Malawi: A transforming experience inspires an ongoing relationship

A study abroad experience related to sustainability has developed into an ongoing community relationship between Appalachian State University and the African nation of Malawi.

That's the power of transformative experiences.

Why Malawi?

Through the Walker College of Business, students have made two trips to Malawi near the capital of Lilongwe. They learn how non-governmental organizations, government and communities are addressing economic, social and environmental challenges. They also participate in service projects and stay in the homes of local families.

"I think one of the special things about this university is the fact that we were able to go abroad, but also how much followed us as we came back to campus," said Jesse Pipes, an MBA candidate at Appalachian. He helped initiate Appalachian's academic connection to Malawi through a non-profit organization he and friends started a decade ago, called World Camp.

"Africa has so much to teach us and we have so many resources that we can share... The community solutions the students saw practiced in Malawi can be applied here in the U.S. or any community for that matter."

What difference do students make?

The first group of Appalachian students in 2012 worked with villagers to research the feasibility of establishing a maize mill, including start-up costs, monthly operating costs and projected revenue. They determined start-up costs could be recovered in the first year of operation.

After returning home, the students remained engaged with the African nation by forming the Sustainable Services Initiative Club on campus to explore solutions to community challenges—including collecting funds for the proposed maize mill and for children's school fees.

On the second study abroad, students met William Kamkwamba, co-author of the international best-selling book "The Boy Who Harnessed the Wind." The book relates his story of how he achieved his dream of bringing electricity, light and the promise of a better life to his family and his Malawi village of Wimbe.

What impact does Malawi have in Boone?

As a result of the study abroad programs, "The Boy Who Harnessed the Wind" author visited campus as the keynote speaker at Appalachian's 5th Annual Global Opportunities Conference in April 2013, which had a record 550 attendees. These included visiting classes from Watauga and Avery high schools and Two Rivers Charter School, as well as the campus and larger communities.
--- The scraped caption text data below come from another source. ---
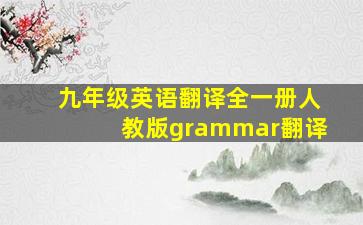 九年级英语翻译全一册人教版grammar翻译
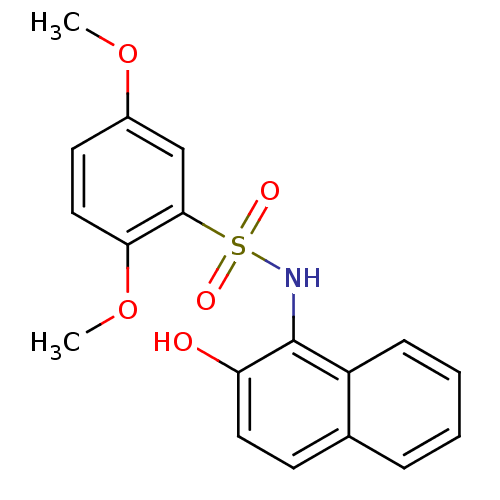 Chemical structure of BindingDB Monomer ID 43294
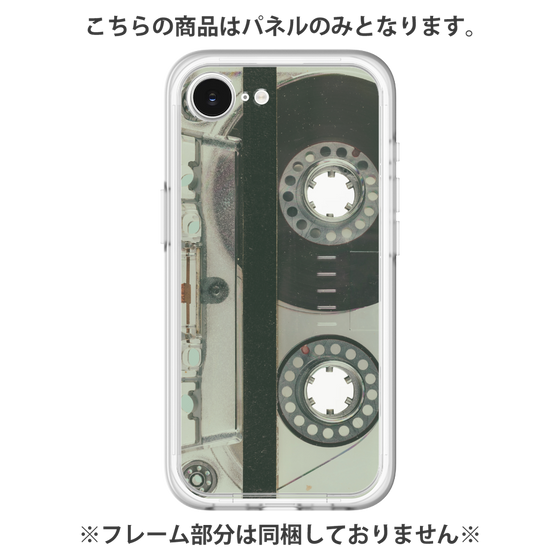 プレミアムパネル［ RETORO CASSETTE TAPE - Skeleton Blue ］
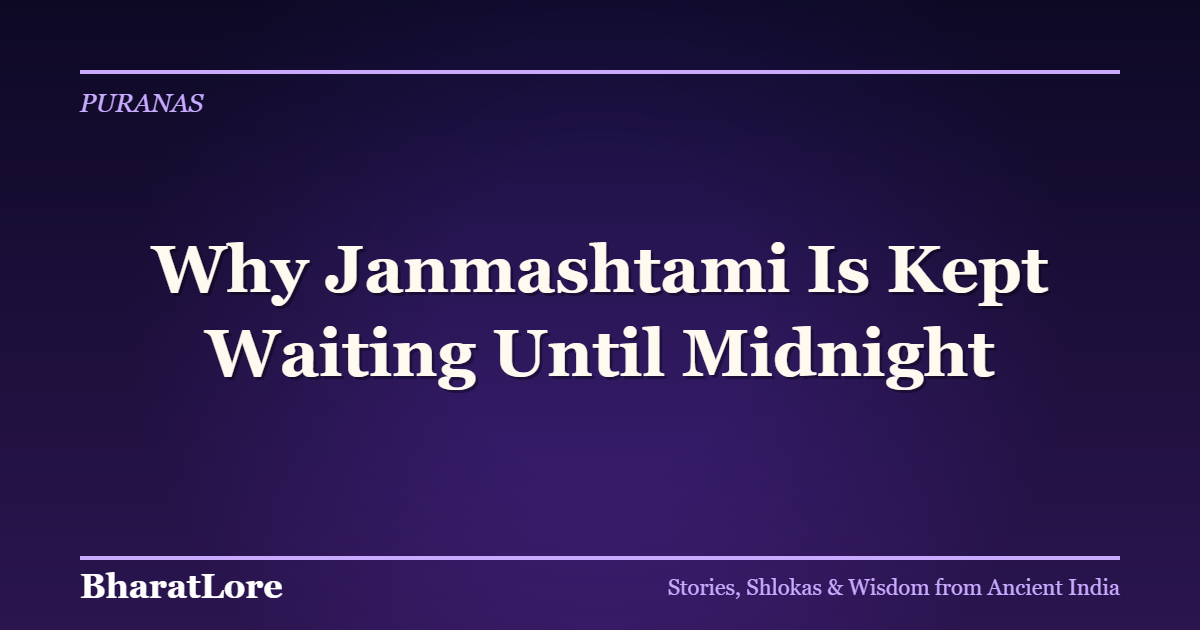 Why Janmashtami Is Kept Waiting Until Midnight
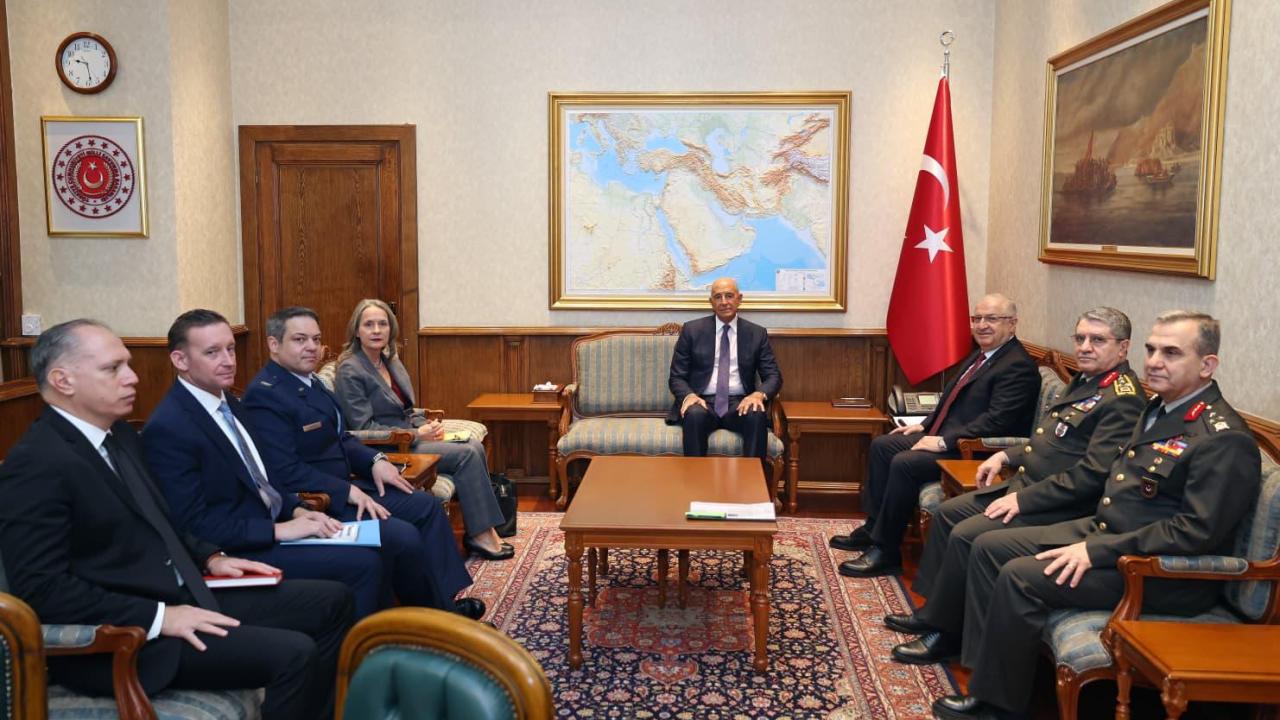 MSB Güler'den ABD Büyükelçisi Barrack'a Kabul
Having Kamkwamba on campus to share his message of hope, encouragement, dreams and creativity "served as a segue to start conversation," explained marketing major Deja Borders.

"I share the bit of awareness that I have every chance that I get," said Borders, who participated in the 2013 study abroad program.

"Now that I have experienced Malawi, a country I knew nothing about prior to researching the trip, I have been able to discuss with people everything that I learned. Those opportunities have led to conversations about the intellect, congeniality, national language, education, currency and so many other things that the average American does not know about Malawi."

Will Appalachian continue this relationship?

Yes, a third study abroad program is planned for May 2014. It will be part of a sustainable development and business course. To learn more, contact Meredith Church at churchmm@appstate.edu or 828-262-7727.

"The students gain unique life skills," said Pipes, "and an understanding of how best to use them: critical thinking, listening to others, asking better questions, generating ideas, active collaboration. They learn that by pooling what you know and who you know, you can better support each other."